According to the results of a 2007 University of Cincinnati study by sociology professor David Maume, 78 percent of women reported that they are the ones taking time off from work to stay home with an ill child versus only 28 percent of men whom indicated that they are just as likely to do so.
In the study, the work habits of more than 1,400 working mothers and fathers were analyzed to determine which gender most often left work to tend to a sick child.
"There has been almost no change in men's priorities," reports Professor Maume. "Men put work first, and women weave or adapt their work around the family."
That is how it works in Circle of Moms member Sarah M.'s household:
"I'm the one who calls in sick if the kids are ill," she writes in the Debating Mums community. "Always, without exception."
Sarah M. said her husband is much more "needed" at his workplace than she is at hers and that if she has to stay with sick children during the day, she can make up her hours in the evening once he comes home.

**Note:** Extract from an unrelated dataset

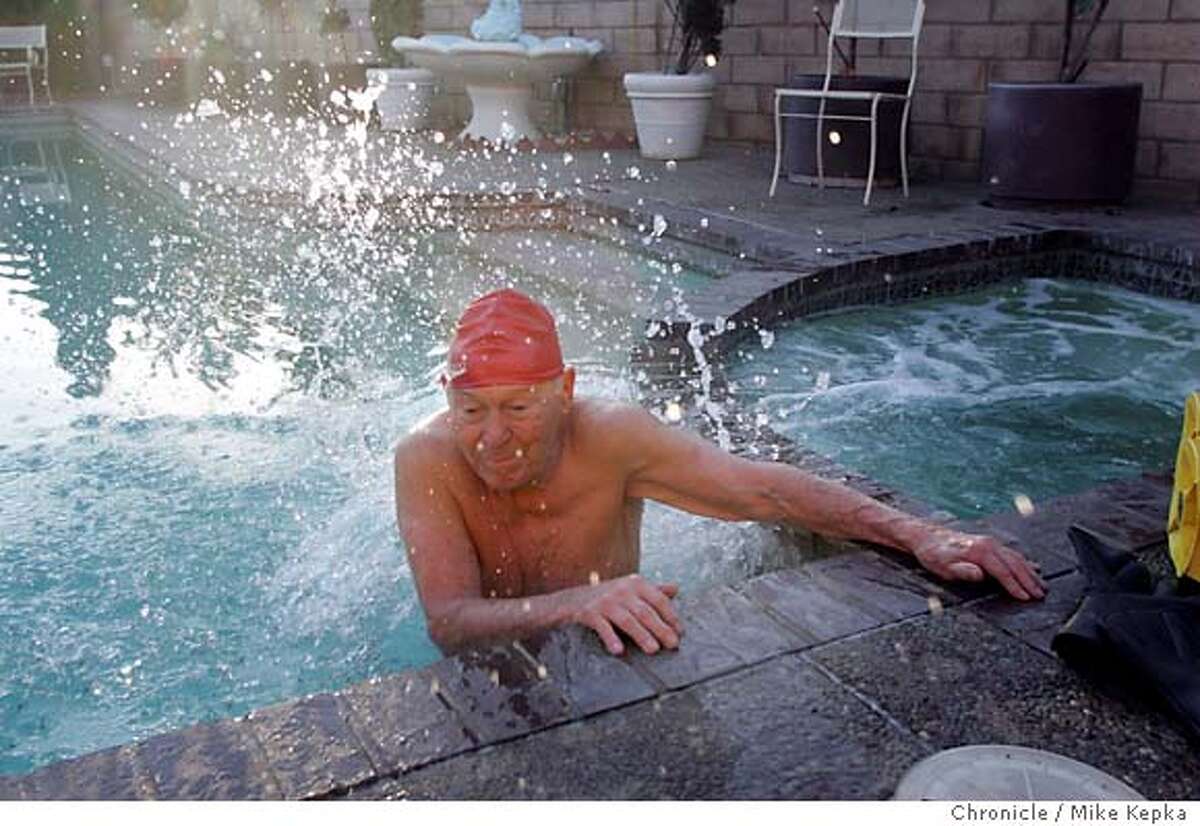 Jack Lalanne slips out of the hot tub and into his custom made pool. Fitness innovator, Jack Lalanne, who was a house hold name in druing the height of his TV show days in the 1950s, is turning 90 this Sunday. MIKE KEPKA/The Chronicle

Laura S., also a member of the Debating Mums community, tells a similar story.
Her retail job pays far less than her husband's engineering position.
"He gets paid a percentage of what he bills out so if he doesn't work, he doesn't get paid," she shares. "Plus he doesn't handle sick kids very well."
Not all moms have even have a partner to potentially rely upon.
Tania B. is a single mom whose son has been repeatedly ill.
"I was wondering how others handle this," she asks in the Single Moms community. "I don't want to put my job at risk. Are there supports in place for moms like us?"
Turns out that single moms may be ahead of the curve on this one. When you're the only parent, you're forced to develop just the kind of support system Tania B. is asking about. And when that's the case, as single mom Jennifer D., explains, help may be just a friend away: "I am back up for my friends when that happens and they are back up for me. Can you develop a system like that? It depends on whose day off it is."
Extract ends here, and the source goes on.